═══ Material provided

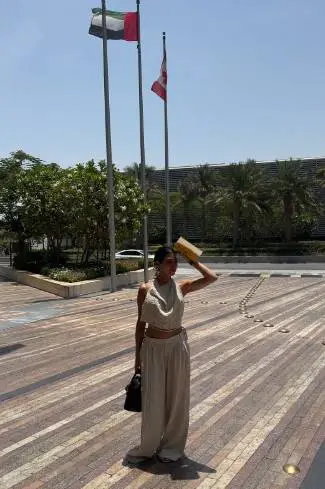 Anna Nooshin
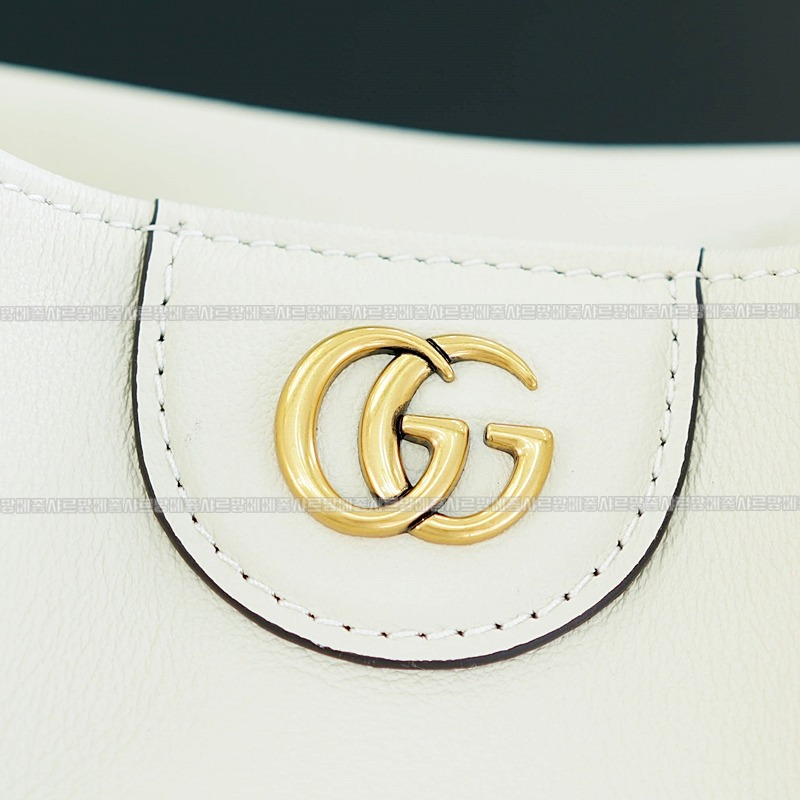 구찌다이애나숄더백스몰  20260319-125548-010루.jpg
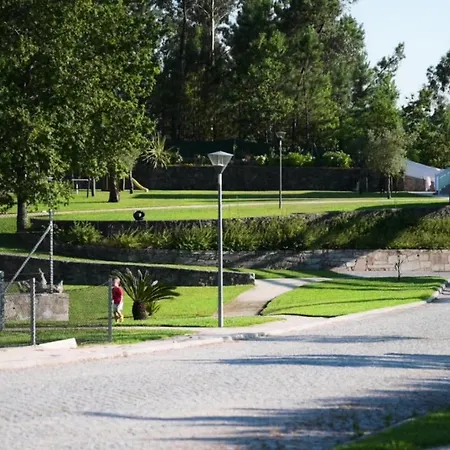 Funileiro, E Quartos Amares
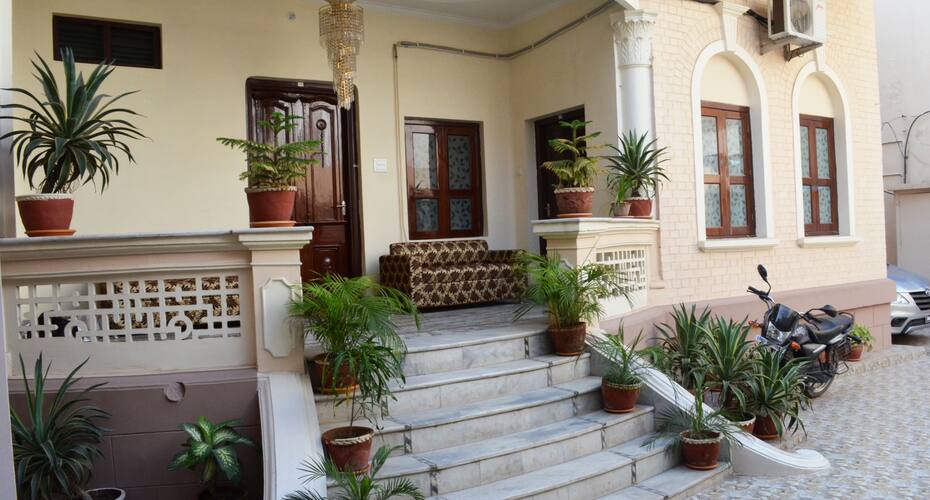 Shree Ganesha Palace, Varanasi 2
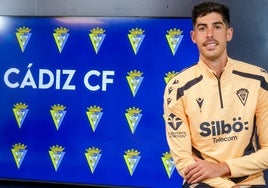 El Test: 10 preguntas a Carlos Fernández, delantero del Cádiz CF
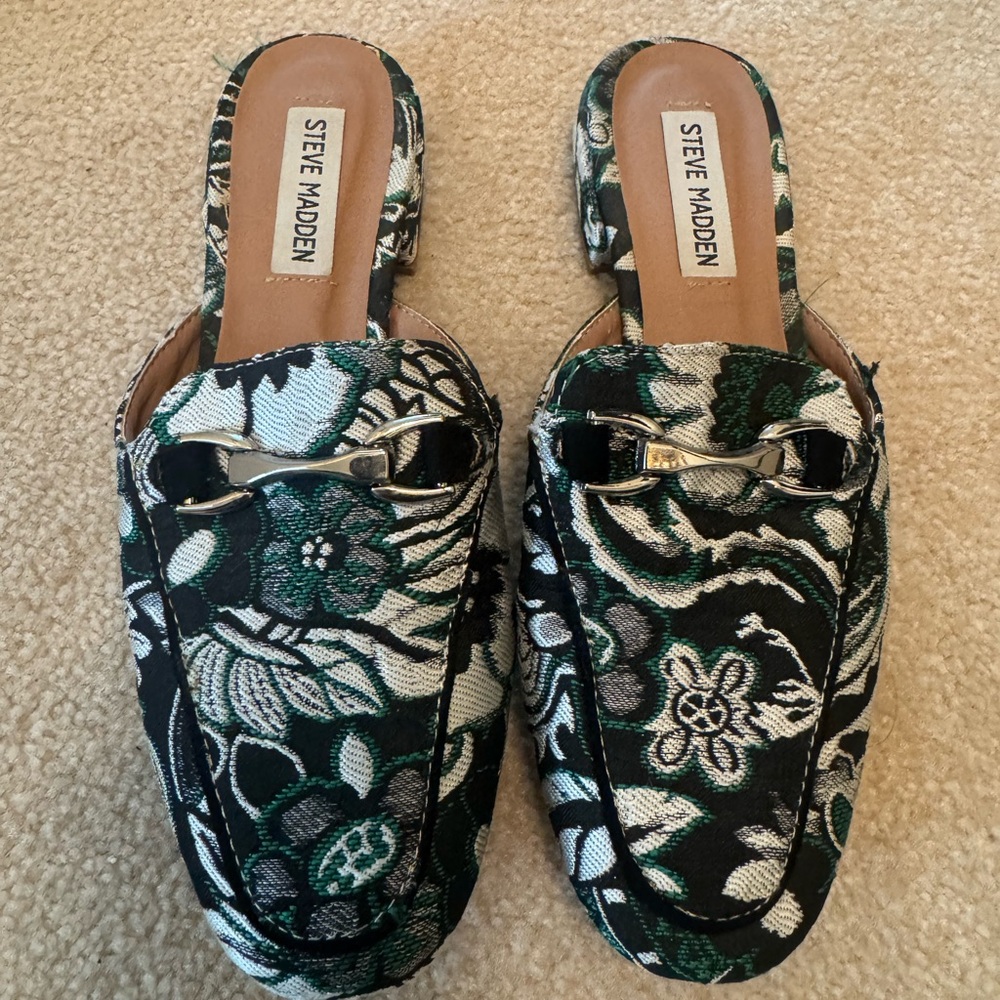 Steve Madden Black and Green Tapestry Mules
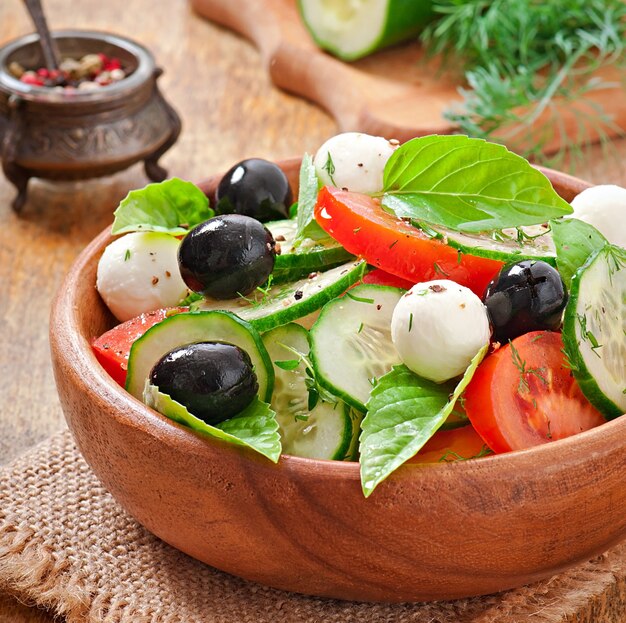 Ensalada griega de vegetales frescos, de cerca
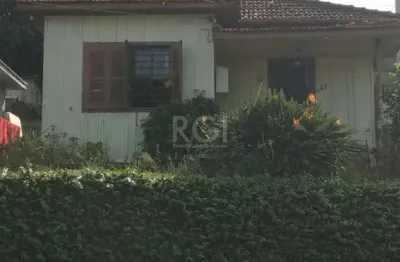 Casa com 3 quartos à venda na Travessa Luiz Tamanini, --, Teresópolis, Porto Alegre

══════

### Exercise goal
Please output all of the data exactly as given, omitting any images it holds.

### Written reply
 Anna Nooshin
 구찌다이애나숄더백스몰  20260319-125548-010루.jpg
 Funileiro, E Quartos Amares
 Shree Ganesha Palace, Varanasi 2
 El Test: 10 preguntas a Carlos Fernández, delantero del Cádiz CF
 Steve Madden Black and Green Tapestry Mules
 Ensalada griega de vegetales frescos, de cerca
 Casa com 3 quartos à venda na Travessa Luiz Tamanini, --, Teresópolis, Porto Alegre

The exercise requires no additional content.